The Grand Vision of the Architect Ready to Be Executed!

For most of my life, I have operated from a leadership philosophy/paradigm and a set of practices that cascade out of the notion that the role of a visionary leader is to be solely that of an architect. The prevailing thinking that has influenced my leadership training and practices flows from a Newtonian, mechanistic worldview in which predictability, creating plans and programs to produce order, and determining the end outcome are the key objectives. From this perspective, people can be viewed as cogs in the machine which can be manipulated to get the desired result, or seen as replaceable pieces to be discarded when no longer productive. An effective leader’s job is to come up with a big vision, to cast that vision to a group of people, to find the people with the necessary skill sets to execute that vision, and to implement the five year plan to bring that vision to fruition. This approach to leadership does bring about results and seems to work.

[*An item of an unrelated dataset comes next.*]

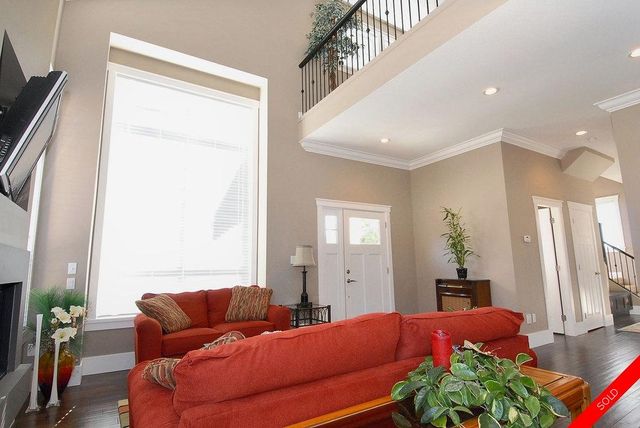 badge_image12 at 26 - 2456 163rd Street, Grandview Surrey, South Surrey White Rock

Yet we are entering a time when our Newtonian mechanistic worldview is colliding with other realities. Discontinuous or random change happening at an accelerated rate is making it more and more difficult to have long range, rigid plans.  The realization through chaos is that we are not as in control as we think we are – just look at the fluctuations of the stock market in the last month. There is a growing awareness that systems/organizations are not machines, but a network of interconnected relationships where even little decisions can have great impact on the whole – look at the grassroots revolutions in the Middle East in the last year. If you want to reflect more on some of these ideas, I suggest Margaret Wheatley’s book, “Leadership and the New Science: Discovering Order In a Chaotic World”.

This collision of worldviews has given me an opportunity to complement the leadership skills of an architect by learning another way of leading. There are some who in reaction to the extremes of present and past forms of leadership are proposing no leadership, or anarchy.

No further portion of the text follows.